Tag Archives: Relationships

Your prayers worked. Are you sure?


“Your prayers worked,” Jen said to me last week, the day after I had prayed for her to be free from pain.

I thought long and hard about that.  Do prayers “work”?  And when there is no answer (or not the one we were hoping for), do we say, “Your prayers didn’t work”?

Does prayer “work” and “not work”?

Let us begin by recognising that we are not going to get to a definitive answer in this brief comment, at least not one that will satisfy everyone.  Prayer is too vast a subject for definitive answers at the best of times.  Our answers would also depend on what we meant by “prayer” and by “work”. 

When we define prayer narrowly in terms of specific prayer requests, we have to admit that prayer often doesn’t “work”.  The specific thing we ask for often does not happen the way we ask for it to happen.  Even Jesus experienced prayer like that.  Mark tells us that he could not perform any miracles in Nazareth, because the people lacked faith (Mark 6:5-6).  Matthew (13:58) prefers not be quite as absolute, and says that Jesus was not able to perform many miracles there.  Mind you, Mark does grudgingly admit that Jesus did manage to heal “a few sick people”. Either way, specific prayers were not answered.  Had the people concerned been asked, they would have said, “No, your prayers didn’t work.”

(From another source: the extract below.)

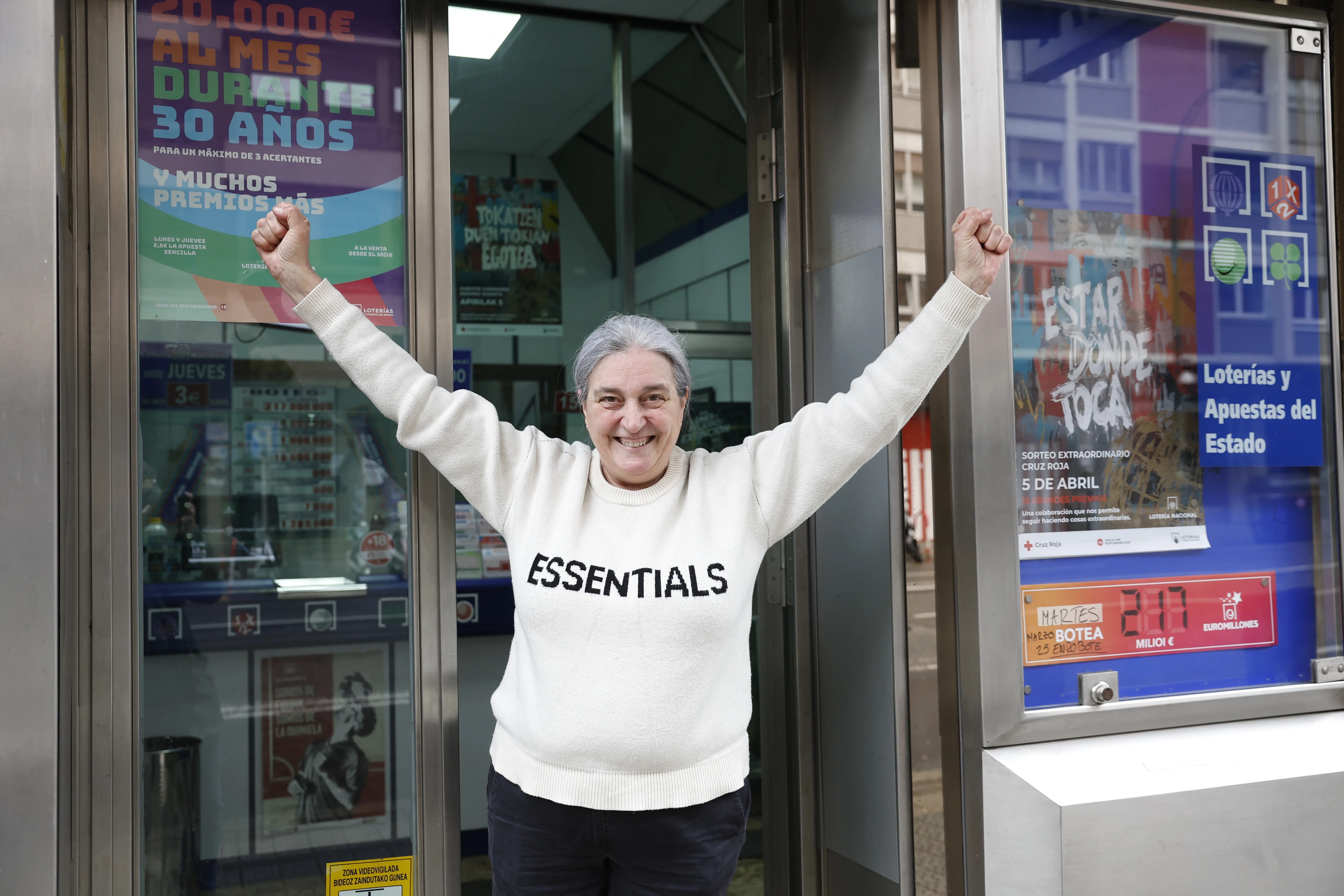 La lotera Marta Puerta posa ante su administración de lotería de Bilbao tras vender el primer premio de la Lotería Nacional por del Día del Padre. EFE/ Miguel Toña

Of course, we tend to say that prayers are always answered, but that sometimes the answer is, “No,” or “Not now.”  And that is also true, although such a catch-all answer drives the sceptic mad.  And one can sympathise.  Such an answer relies on faith, and our trust in a loving and active God.  What the sceptic wants is definitive proof, or at least statistically acceptable proof: out of 100 prayers, so many were answered as desired, and so many weren’t, which will prove things one way or another.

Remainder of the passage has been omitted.